China Mobile’s 2nd-Quarter Profit Slips

BEIJING/HONG KONG, Aug 20 (Reuters) - China Mobile, the world’s largest mobile carrier by subscribers, posted disappointing second-quarter net profit that slipped from a year earlier, hurt by a weak economy and rising competition.v
The firm along with China Unicom and China Telecom — smaller rivals that now compete with a full range of services after last year’s restructuring — are aggressively moving into poorer rural areas as urban markets become saturated.

China Mobile, moreover, will face intensifying competition in the years to come as an expensive 3G rollout gets off to a rough start due partly to a new domestic standard.

The results were announced on Thursday and put the company on track for full-year profit growth of 4.0 percent — based on a Reuters forecast — the slowest pace in a decade after averaging 26.3 percent over the past five years.

“The lack of handsets and poor network infrastructure are the major problem for China mobile’s home-grown 3G rollout,” said Allan Ng,” a BOCI Securities telecoms analyst.

China Mobile will post flat or slightly lower full-year earnings due to competition from the other two other operators, said Ng.

China Mobile posted a 1.6 percent drop in quarterly profit on Thursday, slipping to 30.1 billion yuan ($4.4 billion) versus a consensus forecast of 31.4 billion yuan, according to Reuters calculations based on previously reported figures.

That compared with a restated profit of 30.6 billion yuan for the second quarter of 2008.

China Mobile posted a first-half profit of 55.3 billion yuan, lagging a consensus forecast of 56.6 billion yuan from a Reuters poll of eight analysts.

The profit figures came at the midday stock market break. Its shares were up 1.14 percent in morning trade, and were 15.0 percent higher during the second quarter, short of the 23.9 percent gain by China Unicom and the 20.6 percent rise from China Telecom.

All three trailed the 35.8 percent surge on Hong Kong’s China Enterprises Index over the same period.

3G LOOMS

China Mobile, which controls almost three-quarters of the country’s cellular market, but a big share of new net additions to its subscriber base is coming from poorer rural areas, eroding average revenue per user (ARPU), a key barometer for tracking profitability.

Its margin on earnings before interest, tax, depreciation and amortisation (EBITDA) in the first half was 51.6 percent, falling slightly from a year earlier.

Regulators have said the country’s three carriers will spend $58.5 billion through 2011, building out their 3G networks, with China Mobile set to spend $8.6 billion this year alone on its TD-SCDMA network, a new standard developed in China.

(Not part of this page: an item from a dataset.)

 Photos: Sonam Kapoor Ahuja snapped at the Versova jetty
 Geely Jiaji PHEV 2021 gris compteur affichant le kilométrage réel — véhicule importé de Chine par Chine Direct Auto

But the new standard is untested and customers are wary of signing on.

China Mobile said last month it had signed up only 1.2 million 3G users and acknowledged it would be difficult to get 3 million by year end, far short of the 10 million the official Shanghai Securities News said the firm had originally targetted.

China Mobile said net additional subscribers in the first half of the year overall was 35.9 million, pushing its subscriber base to 493 million at end-June.